> Task to carry out:
Where the data below begins, start retyping exactly, and end on the line with "SANDÖ Sneakers - Snygga", which is included; no picture goes in.

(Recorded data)
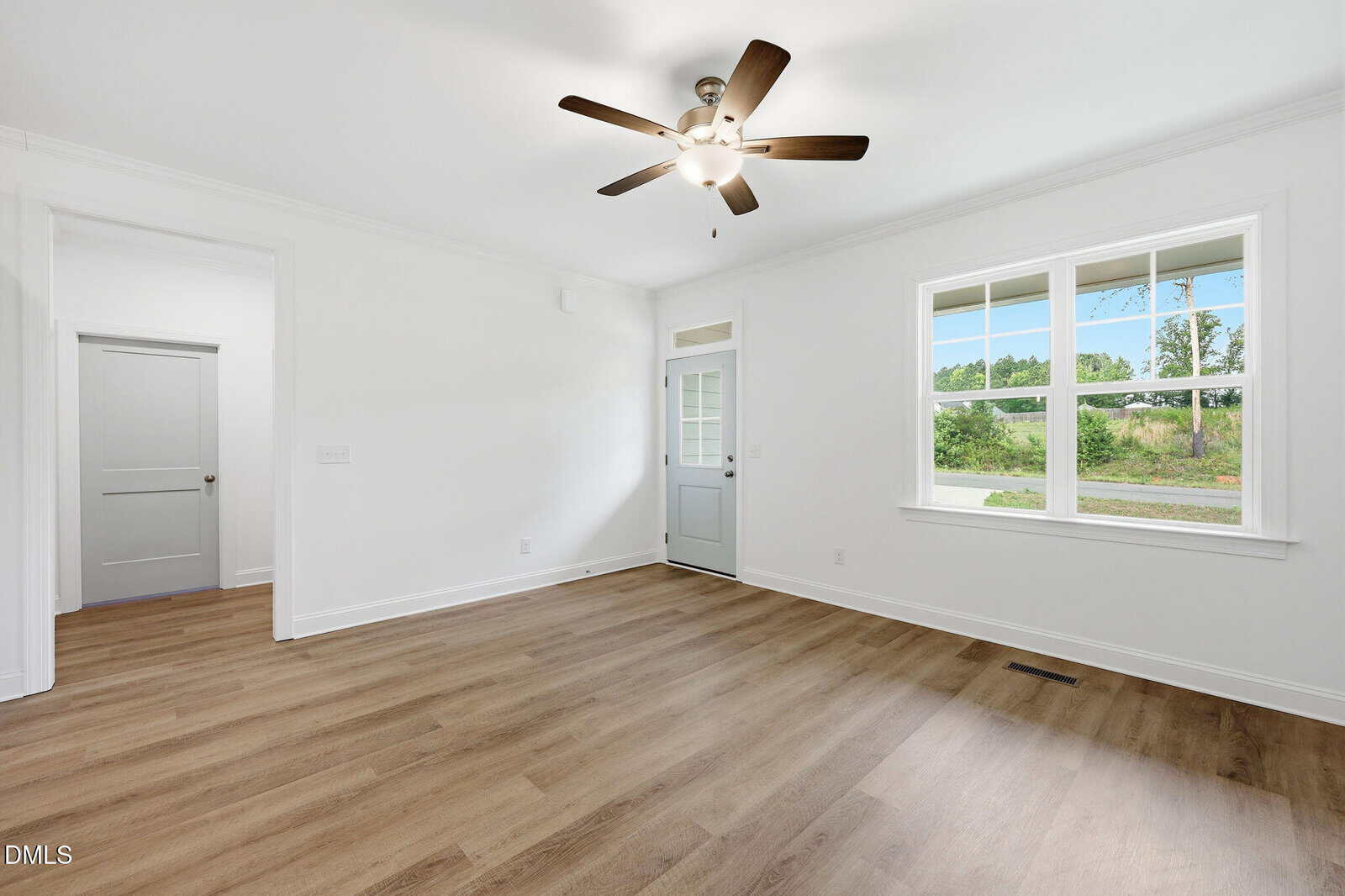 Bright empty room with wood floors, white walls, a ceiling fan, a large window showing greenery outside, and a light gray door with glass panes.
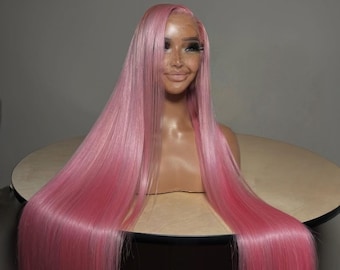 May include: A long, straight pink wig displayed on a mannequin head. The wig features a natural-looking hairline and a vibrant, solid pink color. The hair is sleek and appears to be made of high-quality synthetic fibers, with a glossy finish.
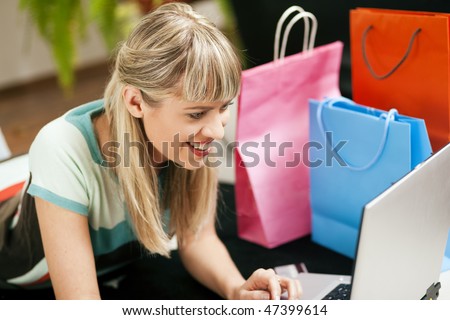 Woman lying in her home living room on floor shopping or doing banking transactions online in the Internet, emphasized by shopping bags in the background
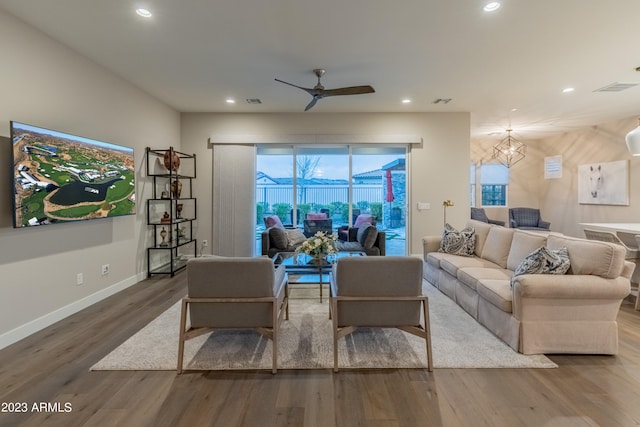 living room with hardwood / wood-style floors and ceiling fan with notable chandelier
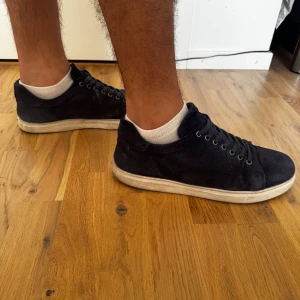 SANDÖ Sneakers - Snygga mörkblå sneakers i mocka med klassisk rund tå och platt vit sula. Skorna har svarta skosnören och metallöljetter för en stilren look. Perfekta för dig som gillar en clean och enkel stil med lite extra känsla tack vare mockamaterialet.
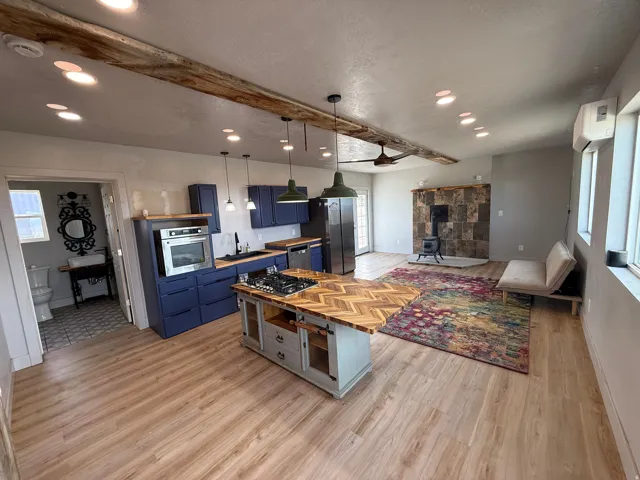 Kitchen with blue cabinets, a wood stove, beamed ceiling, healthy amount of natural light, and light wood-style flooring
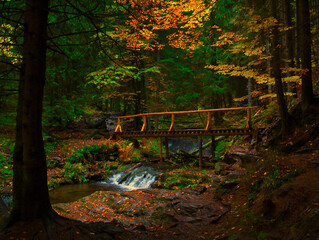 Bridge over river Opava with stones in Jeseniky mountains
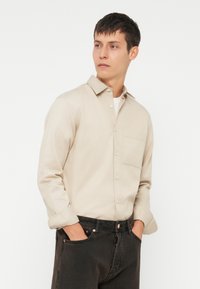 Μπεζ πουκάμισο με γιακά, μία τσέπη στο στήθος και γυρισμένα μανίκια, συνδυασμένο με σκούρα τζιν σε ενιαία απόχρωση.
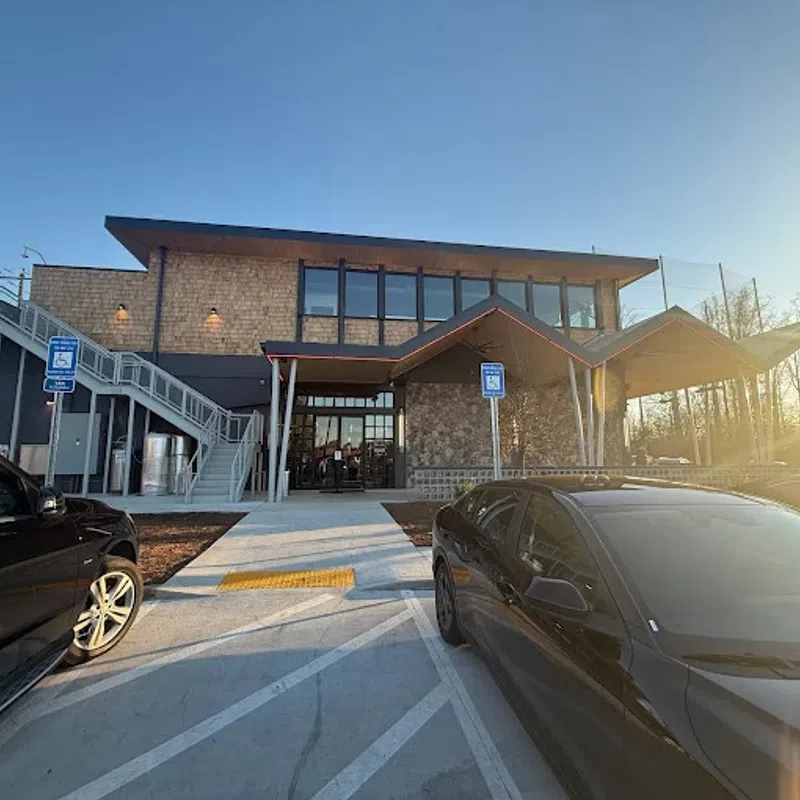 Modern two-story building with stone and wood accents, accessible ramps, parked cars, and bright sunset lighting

> Problem solution:
 Bright empty room with wood floors, white walls, a ceiling fan, a large window showing greenery outside, and a light gray door with glass panes.
 May include: A long, straight pink wig displayed on a mannequin head. The wig features a natural-looking hairline and a vibrant, solid pink color. The hair is sleek and appears to be made of high-quality synthetic fibers, with a glossy finish.
 Woman lying in her home living room on floor shopping or doing banking transactions online in the Internet, emphasized by shopping bags in the background
 living room with hardwood / wood-style floors and ceiling fan with notable chandelier
 SANDÖ Sneakers - Snygga mörkblå sneakers i mocka med klassisk rund tå och platt vit sula. Skorna har svarta skosnören och metallöljetter för en stilren look. Perfekta för dig som gillar en clean och enkel stil med lite extra känsla tack vare mockamaterialet.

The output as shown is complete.